One of the elements often employed in political screeds such as this one is the ambiguity of the word "defend." It can be used in the sense of providing legal aid to a person accused of a crime, or in the sense of supplying moral justification for a person's actions. Sometimes these two concepts go hand in hand; but often they don't. We often find it necessary, in order to preserve and protect our rights, to defend (in a legal sense) those whose actions we consider morally wrong, and to defend (in a moral sense) those who actions we find legally wrong. We sometimes let criminals go free because constitutional safeguards were violated in the process of bringing them to justice.
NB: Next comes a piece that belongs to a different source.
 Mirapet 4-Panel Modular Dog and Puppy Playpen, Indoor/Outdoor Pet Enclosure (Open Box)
That doesn't mean we condone their crimes; it means we're willing to "defend" their rights in order to preserve a higher moral principle (i.e., the rights that protect all of us).
What has been overlooked (or deliberately ignored) in the piece quoted here is that even though fourteen Black Panthers were arrested and charged with murder, kidnapping, and conspiracy in connection with the murder of Alex Rackley, only two of them were put on trial (the others plead to lesser charges, or the charges against them were dropped): Bobby Seale and Erika Huggins. Why only these two? Seale wasn't present at either the torture or murder of Alex Rackley; he maintained that he knew nothing about any plans to kill Rackley and wasn't even aware that Rackley was suspected of being a police informant. (Panther George Sams did claim he had told Seale about suspicions Rackley was an informant, however.) Erika Huggins wasn't present when Rackley was killed, either. She was accused of having taken part in the "interrogation" of Rackley, boiling the water used to scald him and kicking him while he was tied to a chair. Certainly her actions were both criminally wrong and morally reprehensible, but several other Panthers took a far more active hand in the torture and murder of Rackley (such as those who actually poured the boiling water onto him, beat him, and shot him in the head). Why were only these two people put on trial while the other Panthers were allowed to plead out or weren't even prosecuted at all?
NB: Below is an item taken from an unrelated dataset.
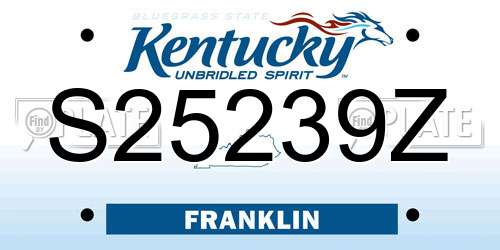 S25239Z Kentucky License Plate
Many people genuinely believed, at the time, that the government was deliberately prosecuting for murder people whom it knew full well were not guilty of murder in order to discredit a group it perceived as a threat, and that perhaps the government had deliberately sacrificed Rackley by planting him in the Panthers' midst and then leaking his cover in order to provoke a showdown. (The fact that neither of the accused was ever convicted is taken by some as proof of the correctness of this theory; others dismiss it as irrelevant and maintain that the case was far too politically controversial to allow for a fair verdict.) If Bobby Seale, the head of the Black Panther party, could be convicted and sent to prison for murder, the Black Panthers would lose a great deal of public support and credibility and be disarmed as a threat to the government. This, it was widely held, was the government's real motivation for prosecuting only Seale and Huggins while other Panthers who were more directly involved in Rackley's murder went free or were allowed to plead to lesser charges (in exchange for turning state's evidence against Seale and Huggins).
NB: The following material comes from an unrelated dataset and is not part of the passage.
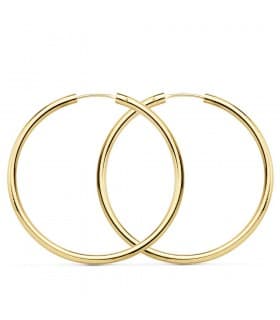 Cerchi canna tonda oro giallo 18Kt 35 mm, orecchini a cerchio donna.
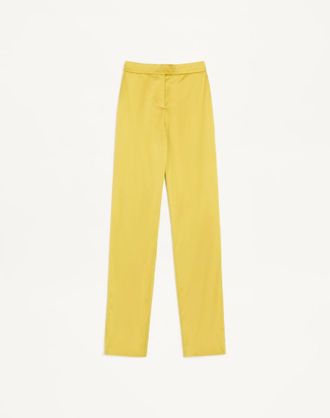 Valentino Pantaloni In Doppia Duchesse Stretch Donna VERDE ACIDO 38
The key point here is not whether this notion was ultimately right or wrong. The key point is that many people believed it to be true at the time, and they therefore "supported" the Black Panthers during the subsequent trial (in a legal sense) -- not necessarily because they condoned the (alleged) actions of the two people on trial (or the Black Panthers in general), but because they felt it was morally wrong for the government to prosecute murder charges against only two people, neither of whom was directly involved in the murder of Alex Rackley, all for political purposes. So, one cannot simply tar everyone who "defended" the Panthers with the same brush of moral outrage; many found the Panthers and their actions odious but still "defended" them because they honestly believed the government's attempts to prosecute only a select two of questionable guilt (while letting confessed torturers and murderers off with a comparative slap on the wrist) to be the far greater injustice.
So, what exactly did Mr. Lee and Ms. Clinton do to "defend" the Panthers in a legal sense? In Mr. Lee's case, he did absolutely nothing. He wasn't a lawyer, or even a law student; he was simply another Yale undergraduate who had nothing to do with the Black Panthers' trial. Ms. Clinton wasn't a lawyer then, either; she was a Yale law student. The sum total of her involvement in the trial was that she assisted the American Civil Liberties Union in monitoring the trial for civil rights violations. That a law student's tangential participation in one of the most controversial, politically and racially charged trials of her time (one that took place right on her doorstep) to help ensure it remained free of civil rights abuses is now offered as "proof" of her moral reprehensibility demonstrates that McCarthyism is alive and well -- some of us apparently believe in rights but don't believe everyone has the right to have rights.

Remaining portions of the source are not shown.